Jechał zygzakiem i wpadł do rowu. Był kompletnie pijany. Wydmuchał 4 promile

Dzielnicowy asp. szt. Wojciech Białko z sulęcińskiej policji fot. Lubuska policja

Dzielnicowy został powiadomiony o kierującym, który może znajdować się pod wpływem alkoholu. Reakcja policjanta była natychmiastowa – zatrzymał 52-latka, który prowadził pojazd mając blisko 4 promile alkoholu.

Dzielnicowy asp. szt. Wojciech Białko został powiadomiony, że jedna z dróg powiatu sulęcińskiego zygzakiem jedzie kierowca volkswagena. Dzielnicowy wraz z policjantem sulęcińskiej drogówki pojechali na miejsce.

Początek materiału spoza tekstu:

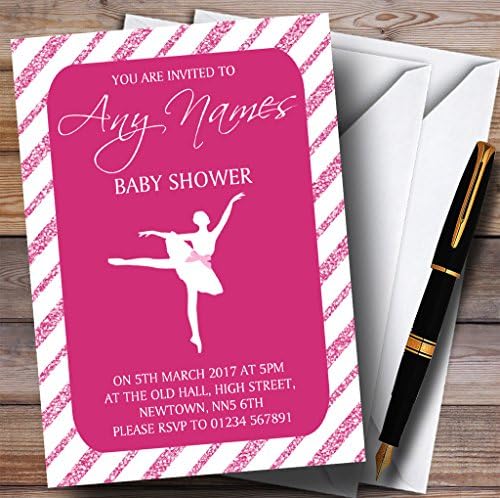 O card zoo rosa brilho listras de ballelet convites de balé convites para chá de bebê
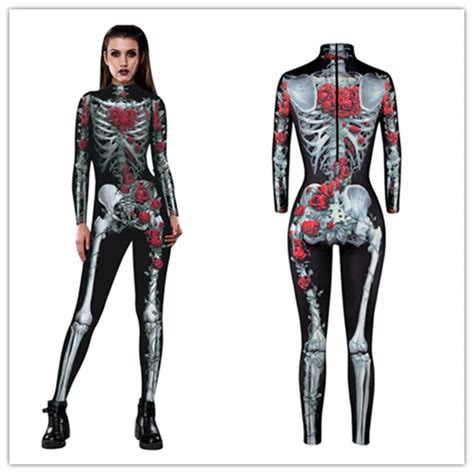 3D Printed Skull Skeleton Jumpsuit Catsuit Sexy Cosplay Costumes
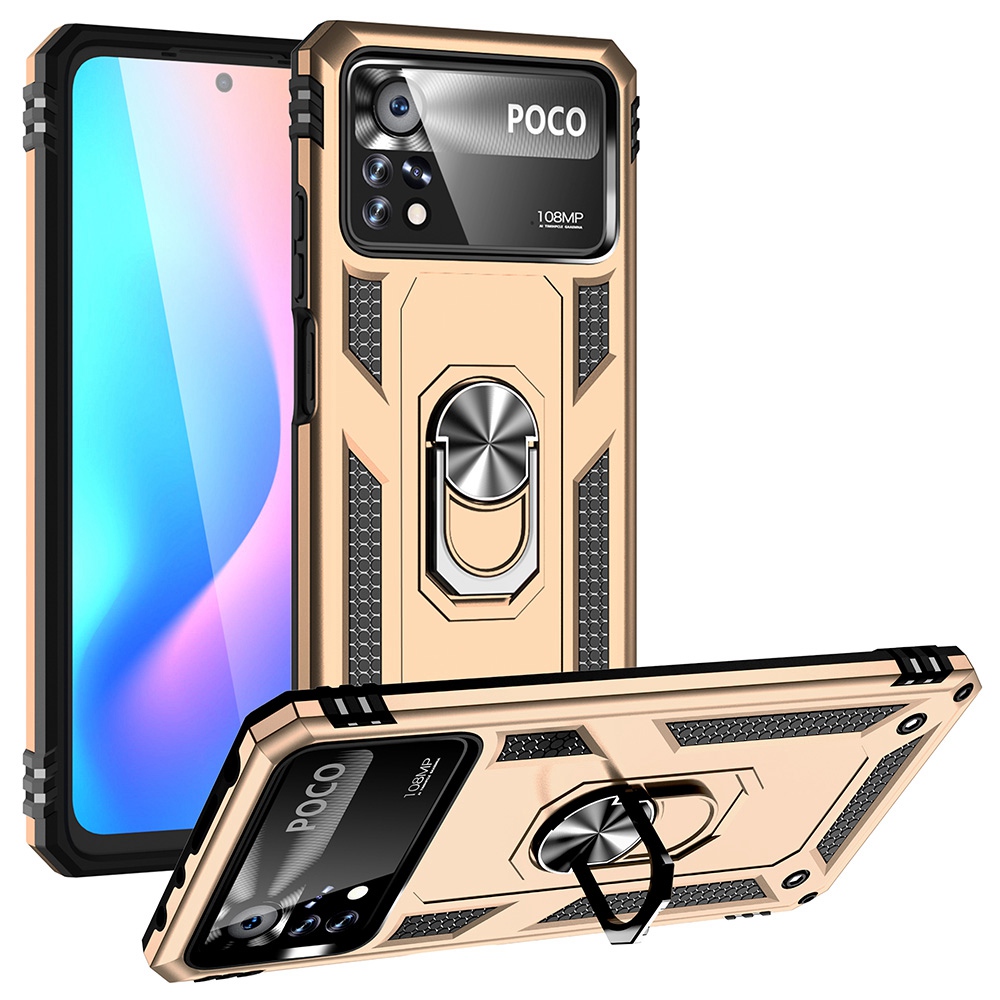 

Für Xiaomi Poco X4 Pro 5G Ring Kickstand Phone Case Soft TPU+Hard PC Military Schocksicheres Schutzschutzabdeckung - Gold, Xiaomi Poco X4 Pro 5G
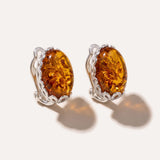 Floral Frame Oval Amber Clip On Earrings — Baltic amber and sterling silver jewellery by Baltic Beauty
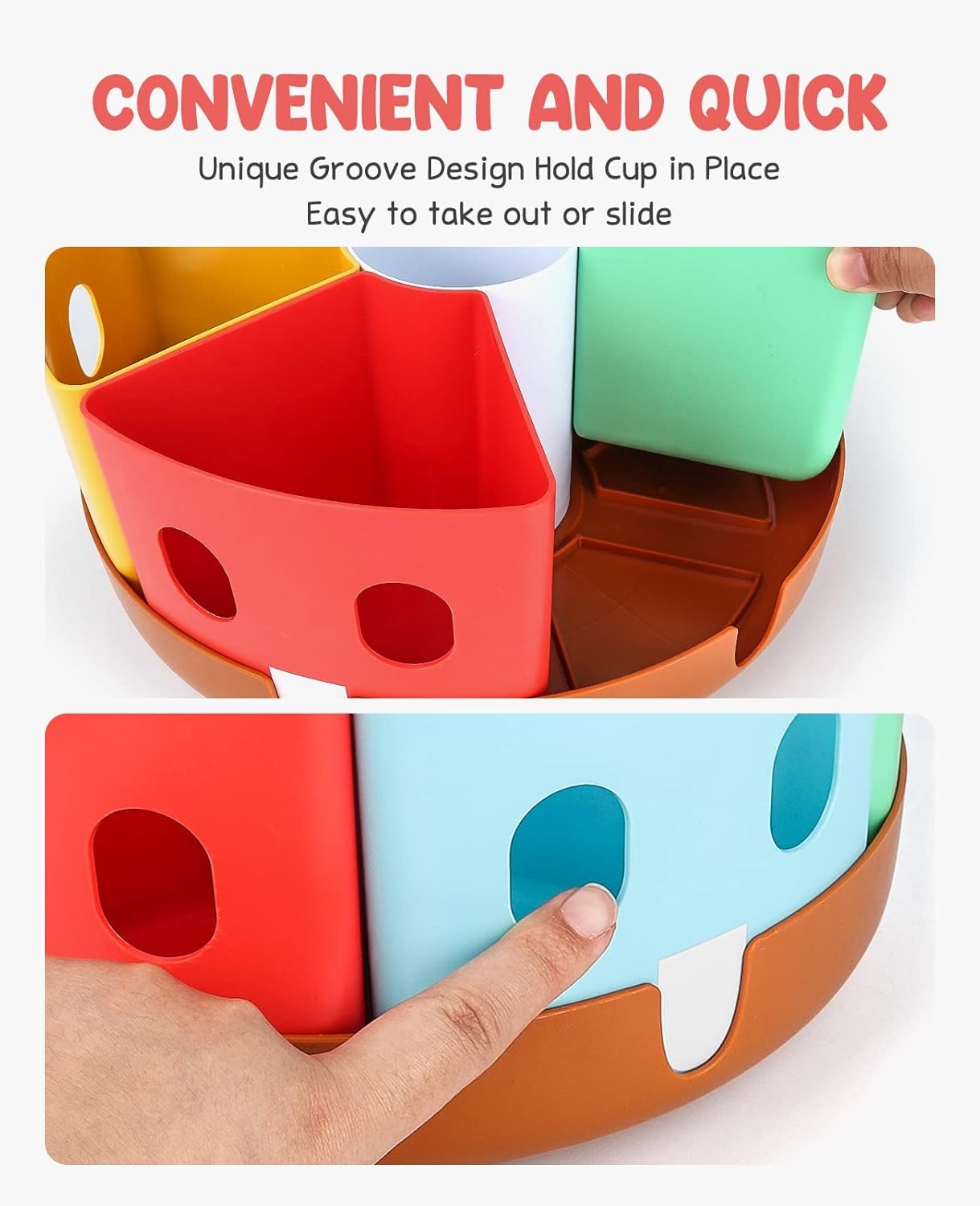 GAMENOTE Assorted Colors Plastic Pencil Case Box 6pcs Rotating Art Supply Organizer Office School Supplies for Kids Desk Organizers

--- Czytaj dalej pod reklamą ---

W międzyczasie kierowca volkswagena stracił panowanie nad kierownicą i zjechał do rowu. Mundurowi podbiegli do pojazdu i zastali w nim kompletnie pijanego 52-latka. – Badanie alkomatem wykazało, że kierowca miał prawie cztery promile alkoholu – mówi sierż. Klaudia Richter, rzeczniczka sulęcińskiej policji.

Pojazd został zabezpieczony na parkingu. Za prowadzenie po pijanemu 52-latkowi grozi kara do 2 lat więzienia, zakaz prowadzenia nawet na 15 lat i grzywna nie niższa niż 5 tys. zł.